It's been awhile since I've posted here. Hey, it's spring, ya know....
So yesterday I was leaving work, and the landscapers were pruning a large stand of red twig dogwoods at the edge of the parking lot. They had several large stacks of branches (well, trunks really) piled up.
Many of these were 2"-3" dia. with mature bark on the main trunk and green/semi hardwood secondary branches intact.
Now, I should preface this with a bit of a story. Ordinarily, I would not think much of the chances of rooting a hardwood branch in the spring. But I was recently surprised.
I have a friend who also has a long hedge-like growth of these red-twig dogwoods along the side of her backyard.

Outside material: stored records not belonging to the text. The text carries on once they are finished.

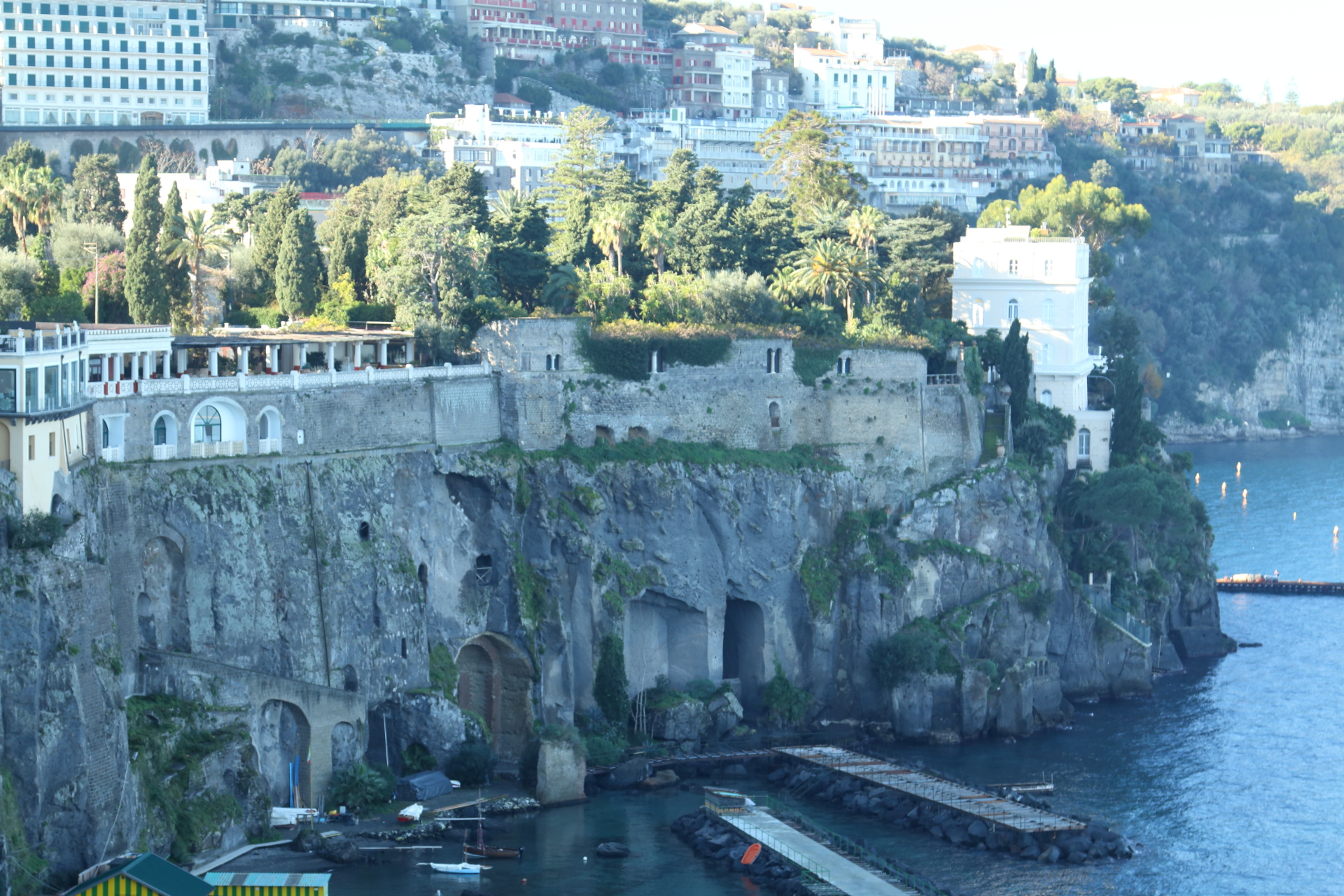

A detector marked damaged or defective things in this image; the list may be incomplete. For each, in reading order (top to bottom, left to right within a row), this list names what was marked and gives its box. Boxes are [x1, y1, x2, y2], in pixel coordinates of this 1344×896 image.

rusty metal walkway [779, 741, 1080, 832]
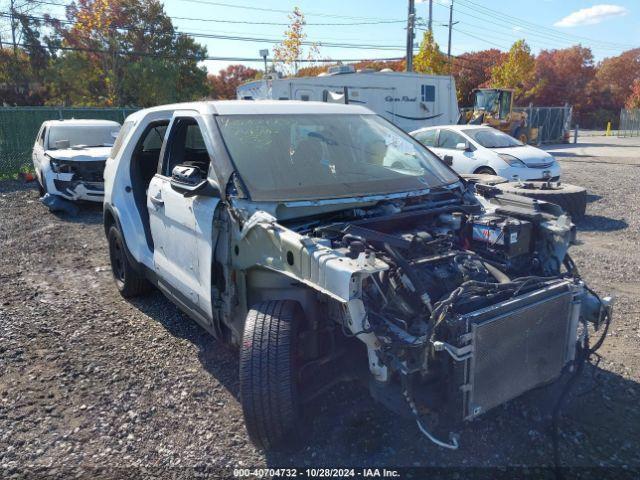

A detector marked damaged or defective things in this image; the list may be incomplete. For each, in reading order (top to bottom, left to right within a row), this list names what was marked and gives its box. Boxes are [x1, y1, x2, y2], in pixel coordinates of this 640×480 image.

wrecked white suv [32, 120, 120, 202]
damaged white car [32, 120, 121, 202]
wrecked white suv [102, 101, 612, 450]
damaged white car [102, 101, 612, 450]
damaged front end [231, 185, 608, 450]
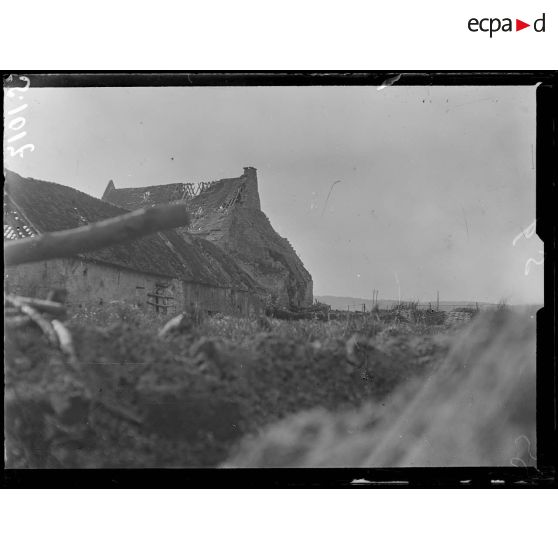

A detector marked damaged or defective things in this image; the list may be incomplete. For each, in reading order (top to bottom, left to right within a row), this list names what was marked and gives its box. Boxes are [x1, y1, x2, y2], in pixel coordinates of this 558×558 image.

damaged farmhouse [2, 166, 312, 318]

I was recently rooting some trimmings from one of my larger ficus, and was in need of some supports for the "sticks" that were going into the propagation medium. She went to her car, and retrieved some semi-hard cuttings from her dogwoods several feet long for me to use.
I cut these down some ( to 6" or so) and stuck one in the pot as a support. When I asked her where she got them she said she had intended to throw them away, but decided to see if I wanted them. They had been in the trunk of her car for a couple of months!
Well, about a month later, I was checking on the progress of the ficus cuttings, and to my surprise, the dogwood stick was leafing out! A tug on it told me there were indeed roots as well. Now, it did not have a rootball, but definately was growing roots. I separated it from the growing bed, and potted it , where it continues to grow.
As the dogwood cuttings were dormant, I assume that the introduction to warm indoor temps and the sudden availability of damp growing medium woke them up.
I am very impressed with the resilience of these plants. So I picked out several of the branches ~ 2 - 2 1/2" in dia. and took them home. I cut each branch to ~ 12-16" long, and reduced the secondary growth to a few long-ish twigs on one end of each "trunk", trimmed 2-3" of the cambium/bark off the other end, applied root hormone, and stuck them firmly into a 2gal. pot with a 50/50 organic/turface mix. Also, the trunks are just peppered with latent buds.
From the quick research that I have done, the recommendation for red twig dogwoods is hardwood cuttings in the fall. Other info suggests that these are some of the most prolific and resilient plants anywhere, and that they can be propagated with a thought.
Anyway, I could not resist the temptation to experiment. I will try to get some pics up for your enjoyment and will update progress ( or lack of) as the spring progresses.